Only the lines from the one containing "Capicua Antibody Bsa" to the end of the records belong in the answer; repeat them exactly and drop the pictures.
Extracted entries: Begin
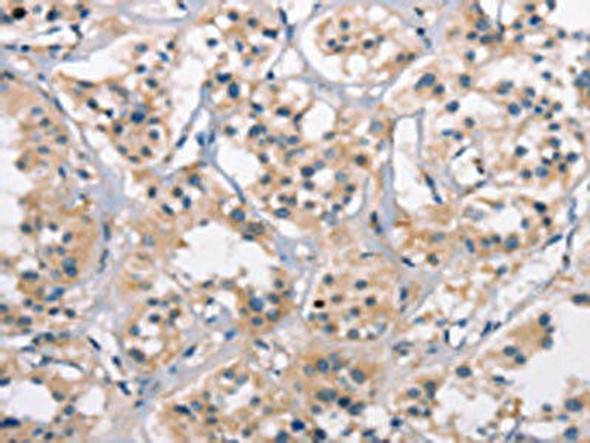 CTAG1A/CTAG1A Antibody (PACO19523)
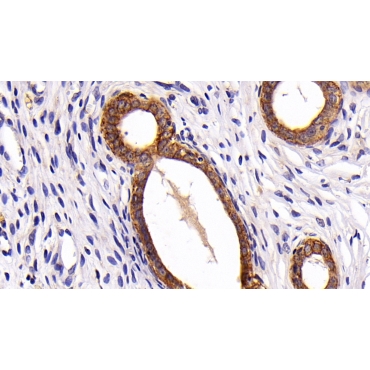 Keratin 3 (KRT3) Human Polyclonal Antibody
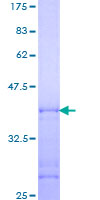 ab158070 on a 12.5% SDS-PAGE stained with Coomassie Blue.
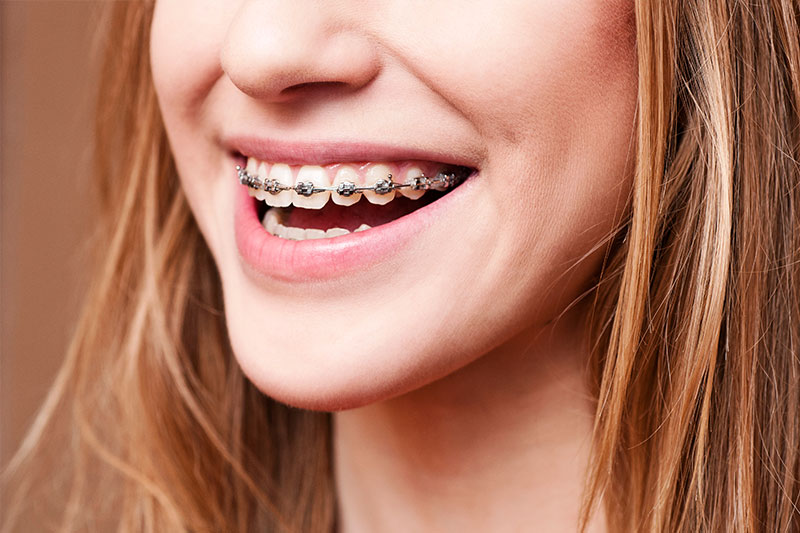 Orthodontics in Friendswood
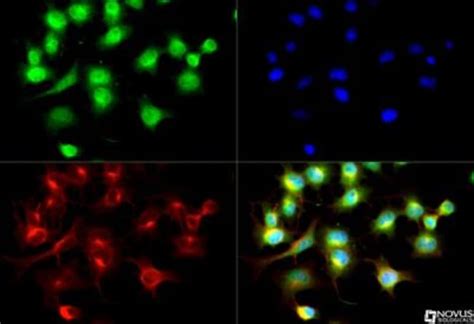 Capicua Antibody Bsa Free Novus Biologicals Ml Unlabeled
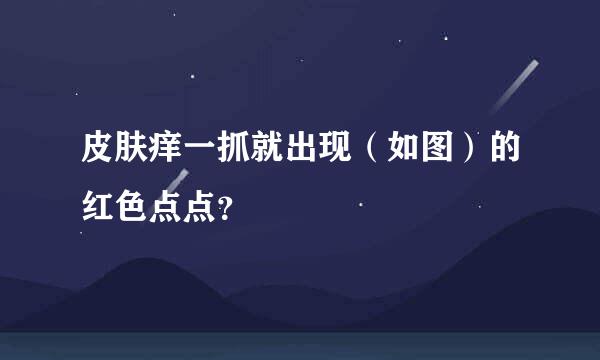 皮肤痒一抓就出现（如图）的红色点点？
Extracted entries: End
■ Result of this task ■
 Capicua Antibody Bsa Free Novus Biologicals Ml Unlabeled
 皮肤痒一抓就出现（如图）的红色点点？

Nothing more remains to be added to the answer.